Marqo Cloud is built to be highly available. Configure indexes with replicas or multiple inference pods for redundancy. See our SLA for more details on availability and support.
Marqo cloud scales to meet your needs, you can expect low latency searches with millions of documents and high request velocity. Marqo searches include the inference to create your vectors.
Manage your accesses and API keys for members of your organisation with the Marqo Cloud console. Your API keys secure your Marqo end-point.
Vector generation and management are included out of the box. Marqo Cloud pricing is comprised of two parts: storage and inference. You can scale storage and inference to meet your needs. Billing is determined by the per-hour-price of your chosen instances multiplied by the number of instances you allocate.

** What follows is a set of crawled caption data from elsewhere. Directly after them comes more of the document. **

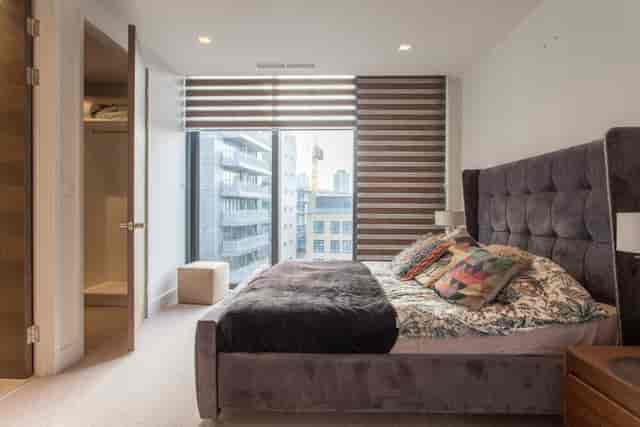 Modern penthouse venue with plush bed, ideal for filming and day events.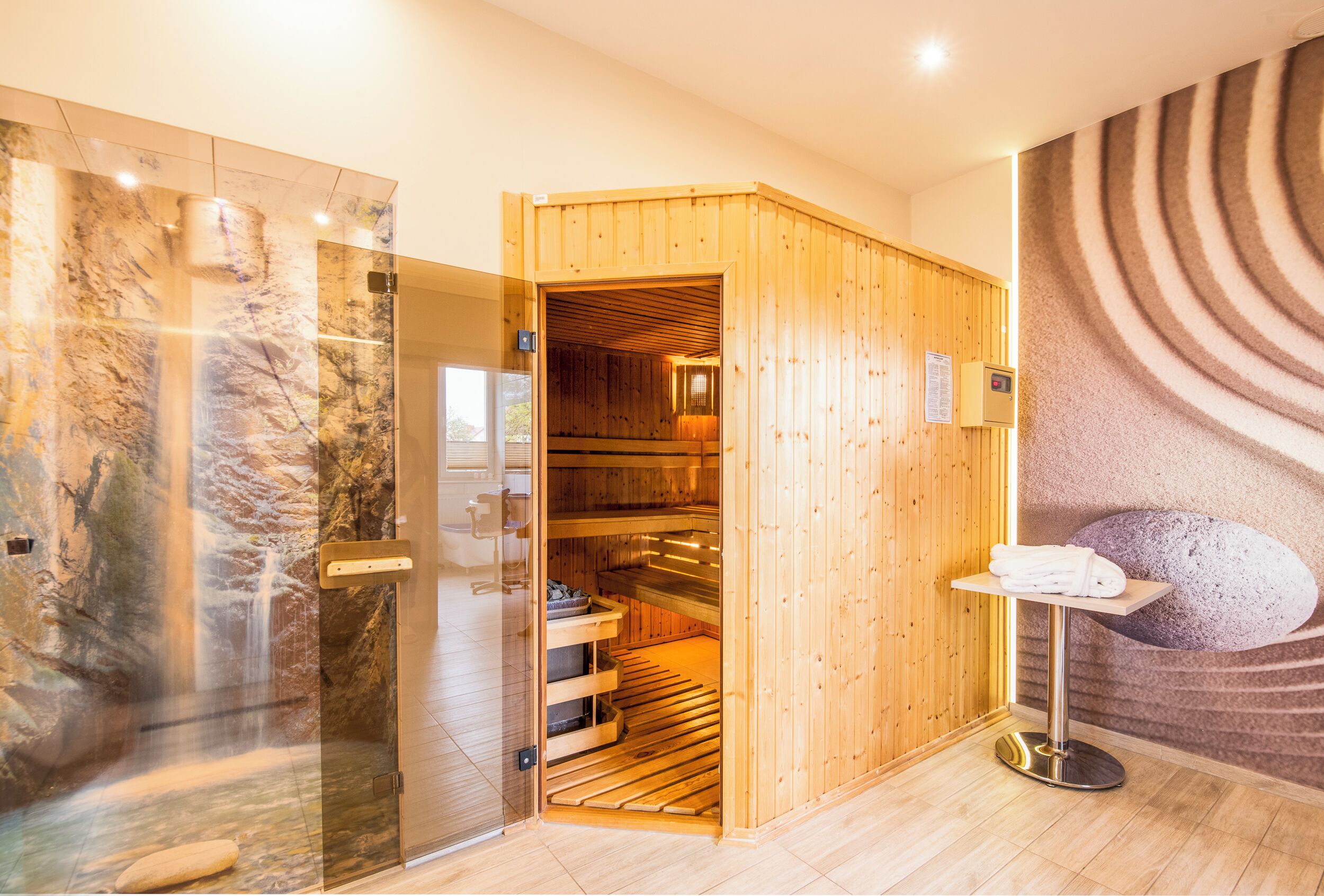Un cuarto de sauna con puerta de madera, cabina de ducha de vidrio y un mural de piedra en la pared.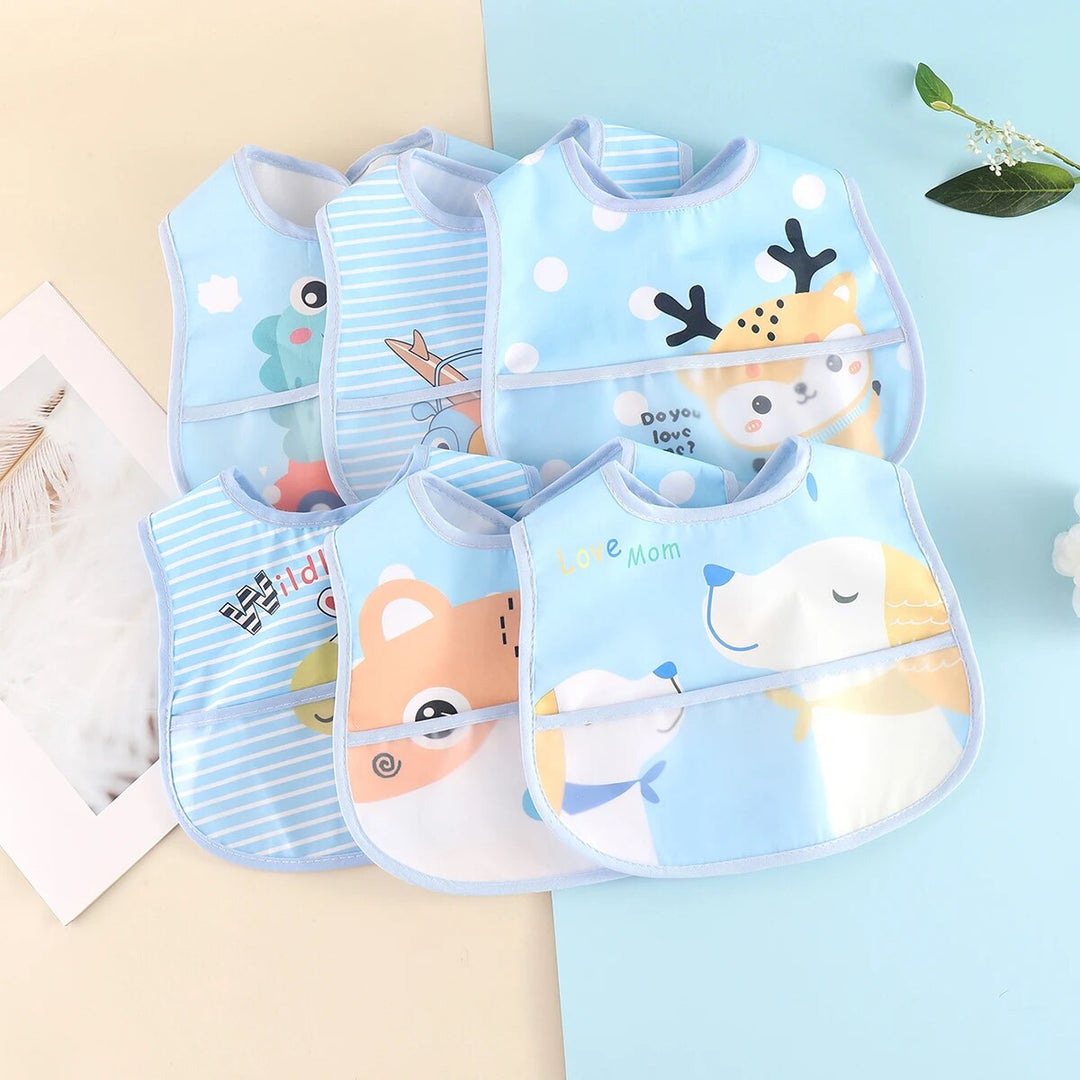 Detail of the textured, waterproof material of an adjustable baby bib designed for messy mealtime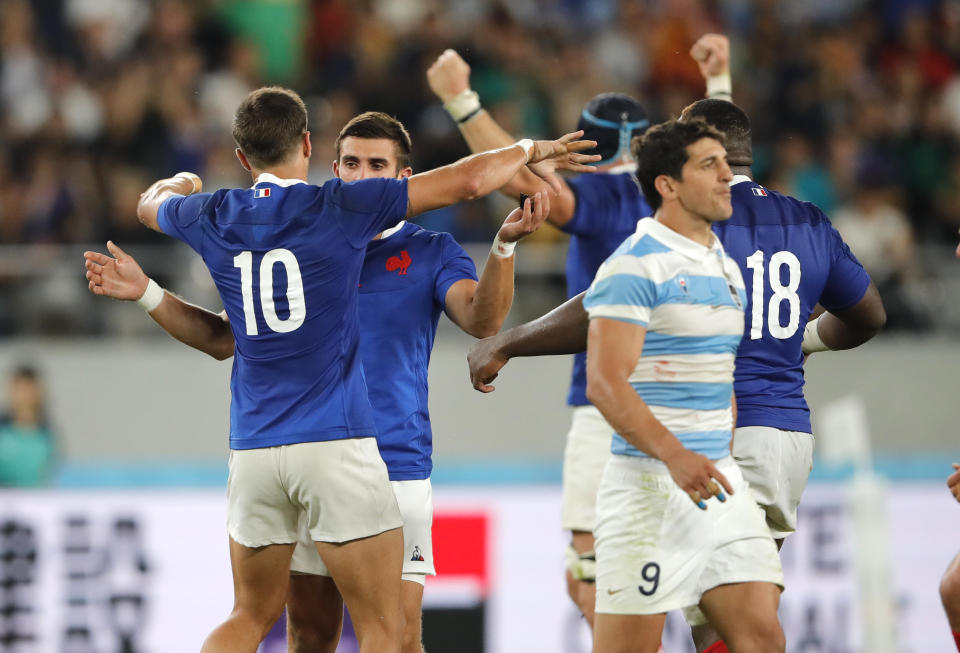 French players embrace after defeating Argentina 23-21 in the Rugby World Cup Pool C game at Tokyo Stadium between France and Argentina in Tokyo, Japan, Saturday, Sept. 21, 2019. (AP Photo/Christophe Ena)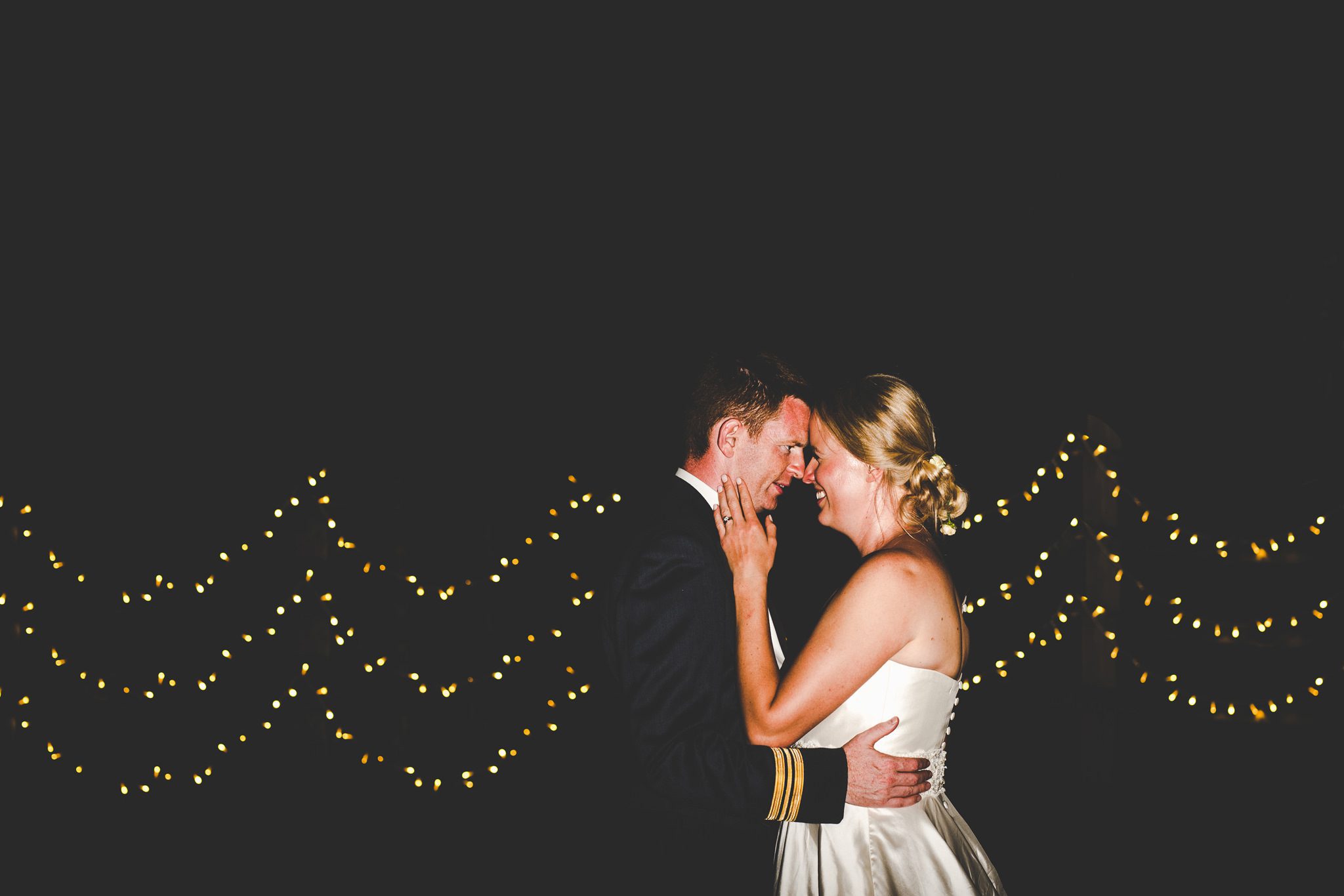 A night photo of a couple next to some fairy lights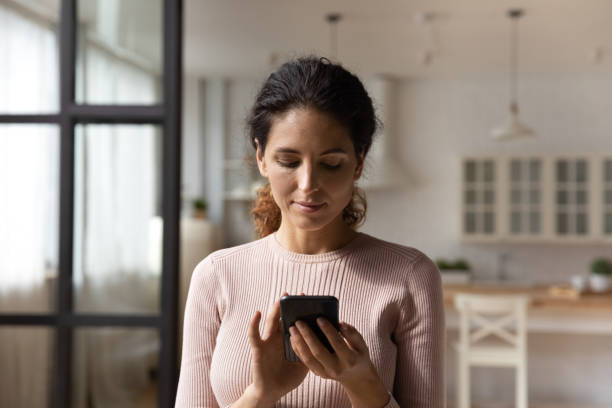 istock Head shot focused woman looking at smartphone screen, browsing apps 1432616250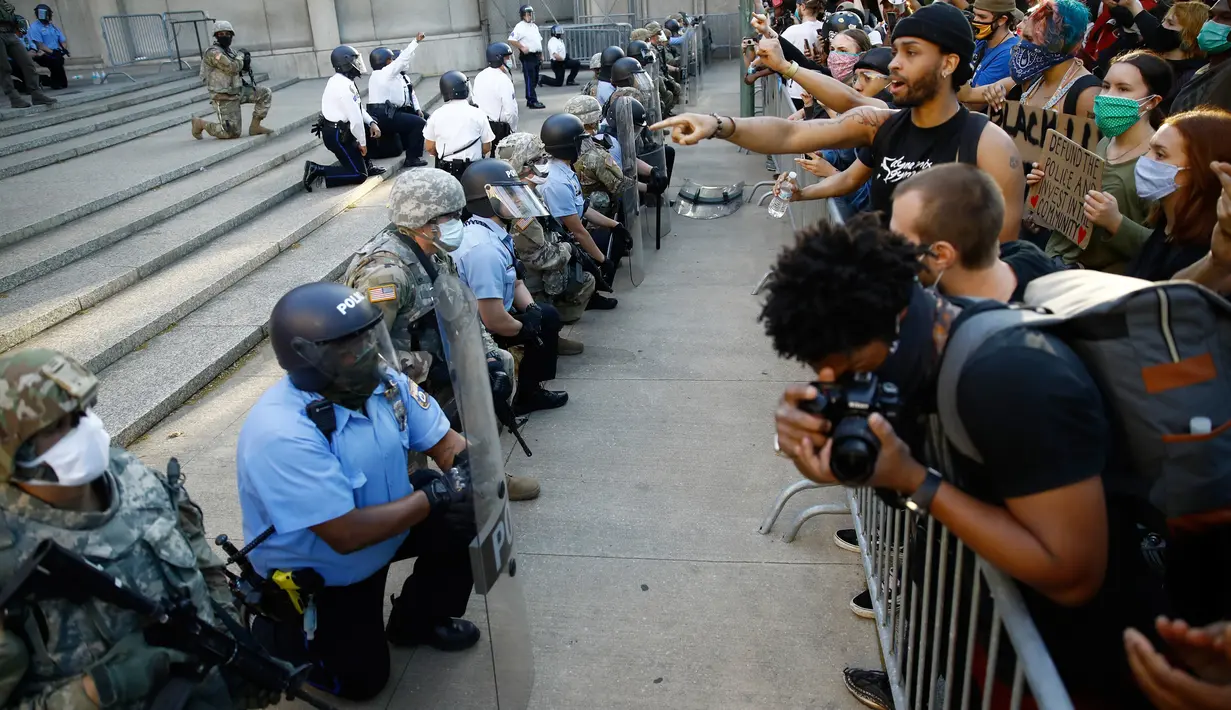 Polisi dan Garda Nasional Philadelphia berlutut saat pawai menyerukan keadilan atas kematian George Floyd di luar markas besar Kepolisian Philadelphia, Senin (1/6/2020). George Floyd tewas tak bisa bernafas karena tercekik lutut polisi saat ditangkap pada (25/5/2020) lalu. (AP/Matt Rourke)
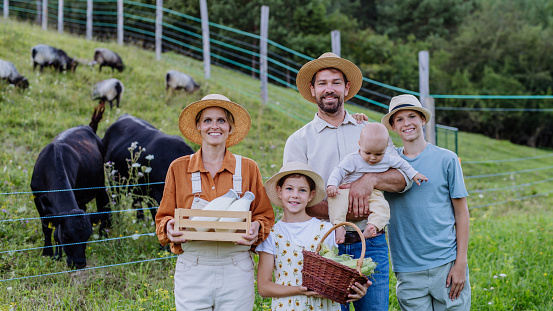 Portrait of farmer family holding harvest basket full of fresh vegetables, standing in front of paddock. Concept of multigenerational and family farming.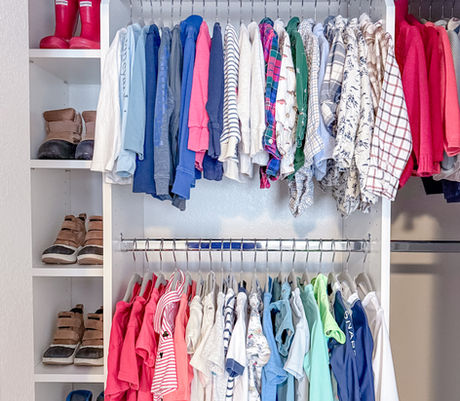 Kids' closet with custom Closet Factory system and color-coordinated clothing by KO Luxury Organizing in Golden, CO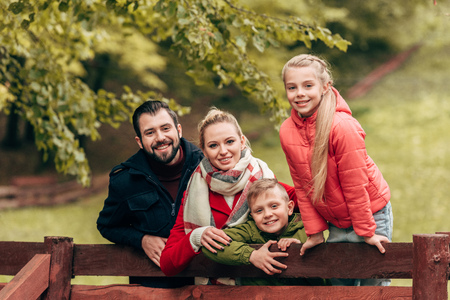 happy family leaning at wooden fence and smiling at camera in autumn parkの写真素材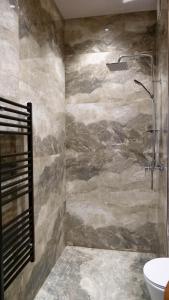 a bathroom with a shower with a stone wall at Nord Boutique Hotel by HORIZONT in Shkodër +126 photos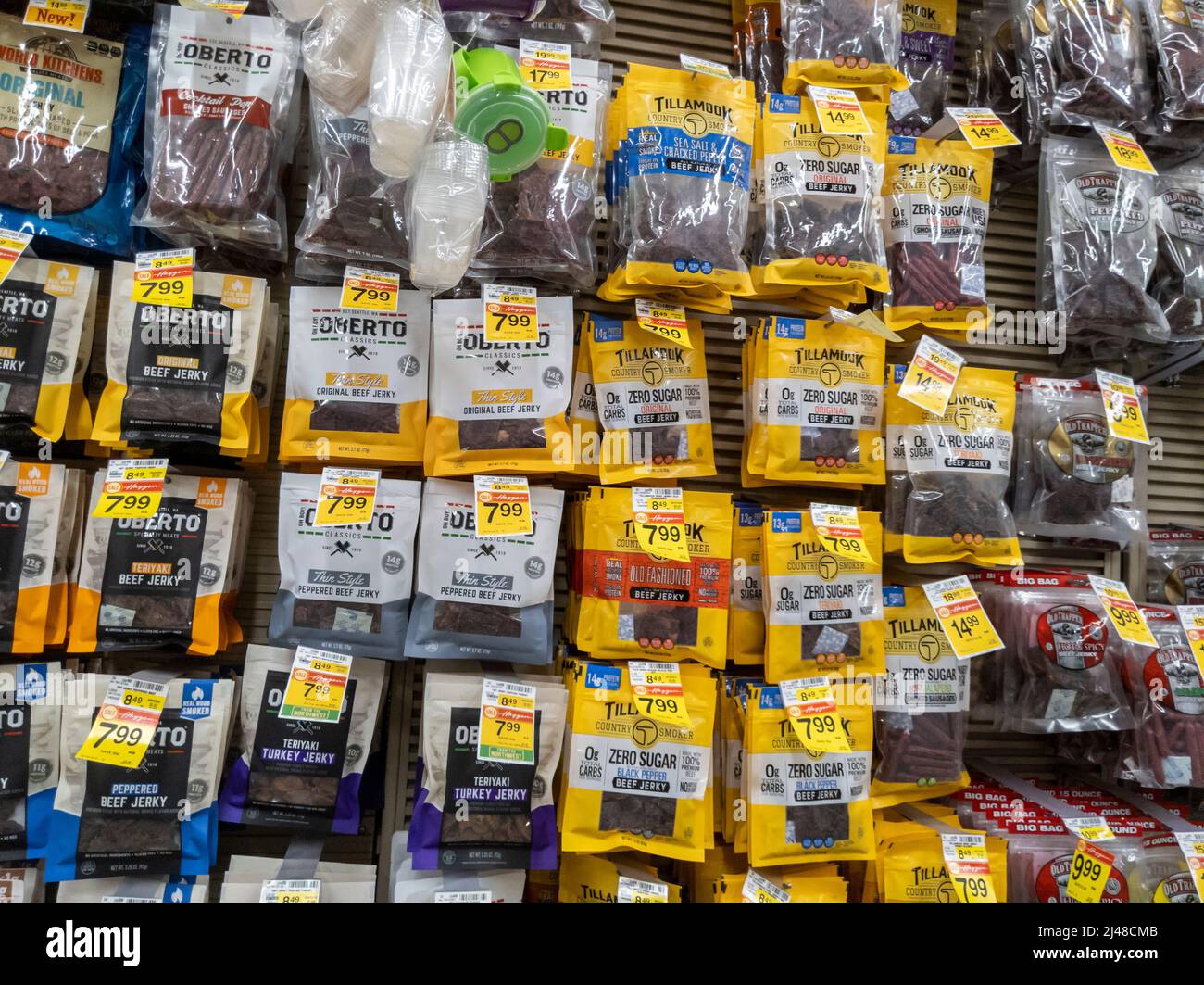 Woodinville, WA USA - circa April 2022: Angled view of a large variety of beef jerky and sausage links for sale inside a Haggen grocery store. Stock Photo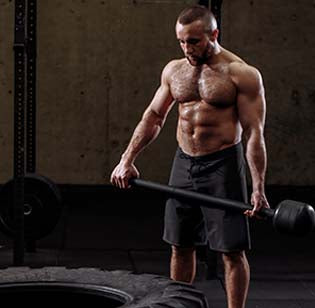 A man in gym shorts holding a sledgehammer next to a large tire.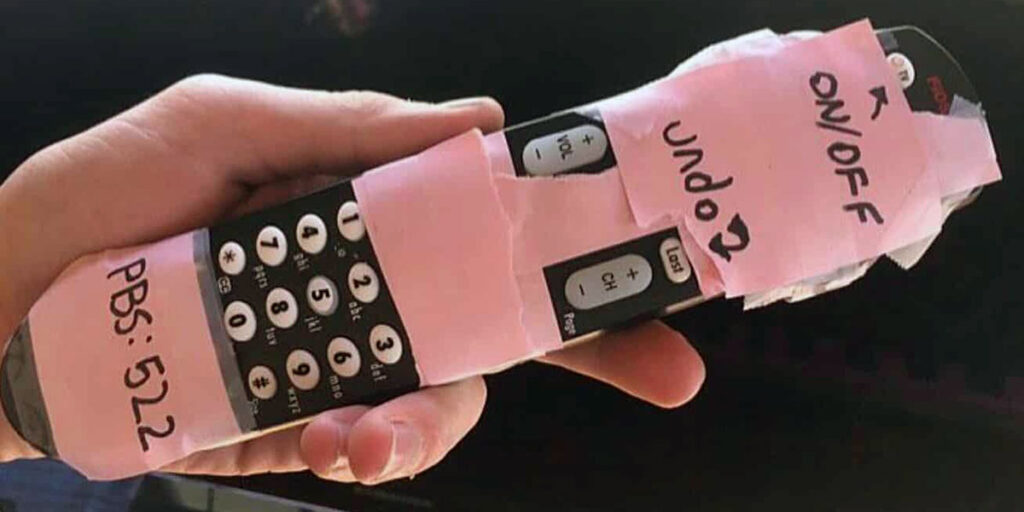 A "grandparent-friendly" remote control with unneeded buttons covered by tape. 
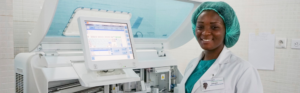 Laboratory professional working with diagnostic equipment in a hospital laboratory.
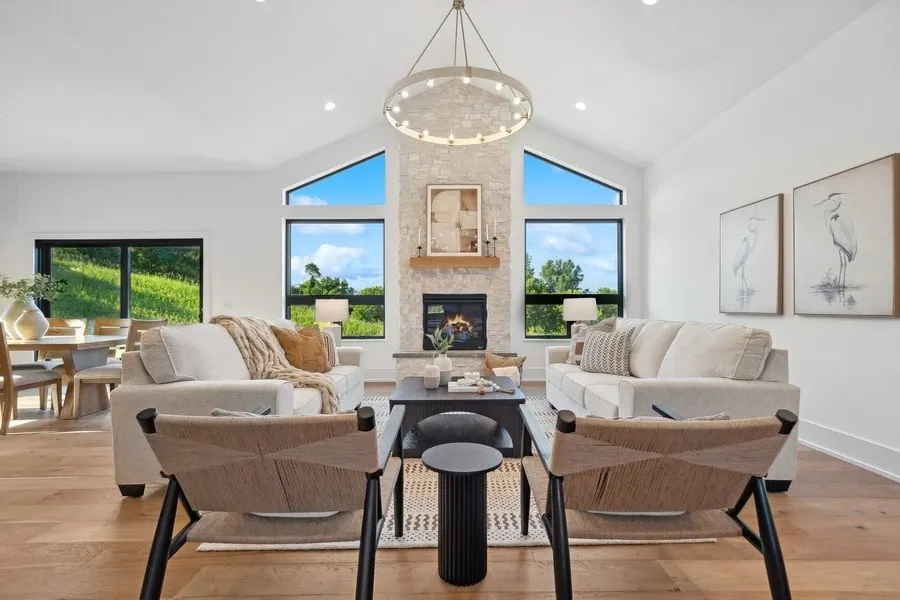 Living room with a stone fireplace, vaulted ceiling and white painted walls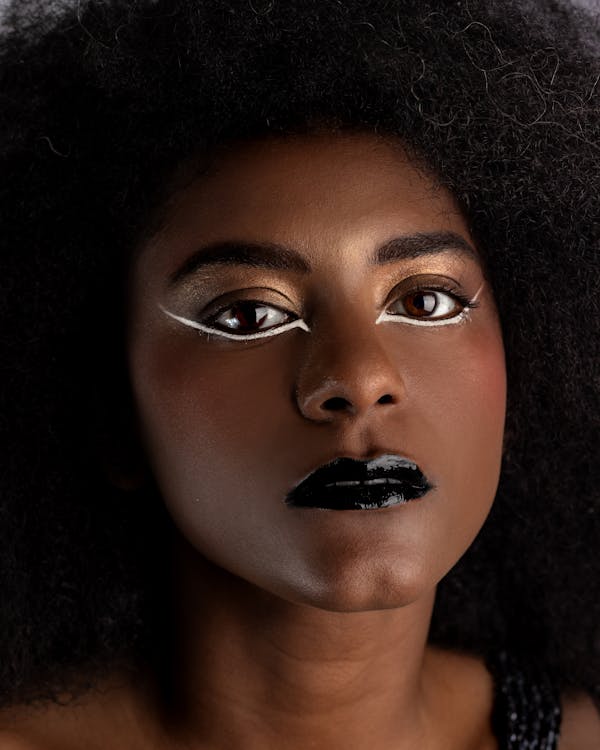 Portrait of a Pretty Brunette Wearing a Black Lipstick and an Eyeliner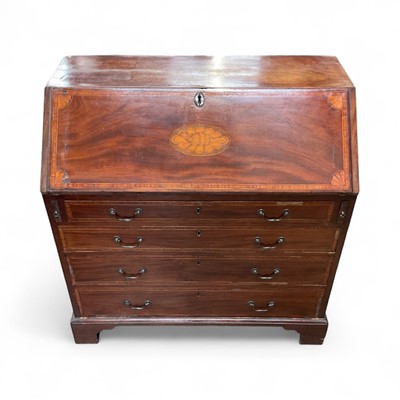 Lot 1283 - George III mahogany and satinwood banded bureau, with patera inlaid fall enclosing fitted interior and four long drawers below on bracket feet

Storage refers to the hardware which hosts your vectors and enables the searching of those vectors. Your storage scales with the size of your data. With Marqo you can pick from three tiers of storage: basic, balanced, or performance.
Marqo is a documents-in-documents-out system, inference hardware converts your documents into vectors for you. CPU instances are recommended for smaller models or where latency is not crucial, GPU instances are recommended for larger models where low latency is critical.
As you grow, you can scale your storage capacity and inference throughput by increasing your number of instances. Swap between CPU and GPU inference to customise your cost, concurrency, and latency behaviours. You can even sale to zero if not actively using an index.